A HISTORIC sports club will tonight hold a meeting to discuss approving the next stage of a redevelopment which has divided its membership.

In January 2017 the Feniscowles and Pleasington War Memorial Trust’s 600 members gave the go-ahead to replace its existing 1979 pavilion on the Recreation Ground. It was given to the public in 1921 as a memorial to 36 local men who died in the First World War.

Initial estimates for the scheme were £400,000 and a special meeting approved the proposal despite a 40-member petition protesting at interim changes, including moving the snooker table and turning its current room into a daytime coffee/sandwich bar. Now 20 members have signed a second petition.

Their complaints will be on tonight’s agenda along with the approval of the latest £600,000 version of the new pavilion and authorising a legal agreement with investment company Black Pearl, behind the nearby Sappi Paper Mill housing development, to provide £345,000 of the cash needed.

The meeting will also be asked to approve the submission of a planning application for the new clubhouse to Blackburn with Darwen Council next month. Trustee Mike Caton said: “We hope that the next stage of the club’s development will be approved at the meeting.

“This will allow the completion of the legal agreement with Black Pearl and allow us to start raising the remaining £265,000.

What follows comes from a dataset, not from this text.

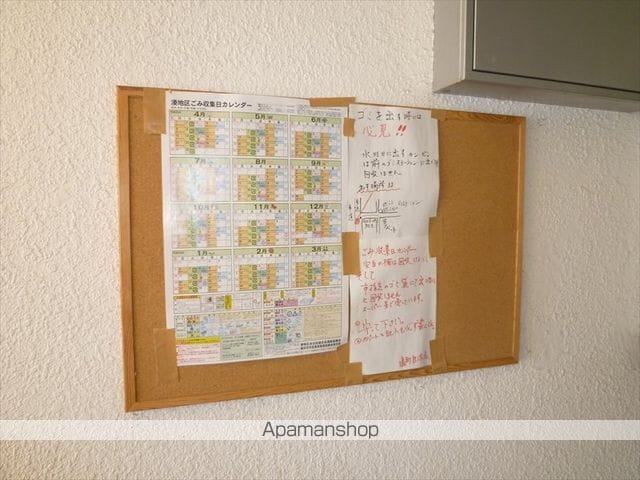ブルックス福井片町のその他写真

“The current estimated cost of the new pavilion, which may have to be scaled back and become a single storey rather than two floors, is £600,000. We have already built a £30,000 garage for the groundsman and his equipment and are adding a children’s playground.

“The signatories to the petition are a small group of dissidents who object to any change at the club.

“This is a major redevelopment to prepare the club for the future and we will demonstrated that the finances are now on a sound footing after several very challenging years.”

The petition signatories also objected to the closing of the bar on Monday nights.

Mr Caton said: “The bar has now reopened on Monday nights but we cannot keep it open every night of the year for a handful of drinkers to watch TV.”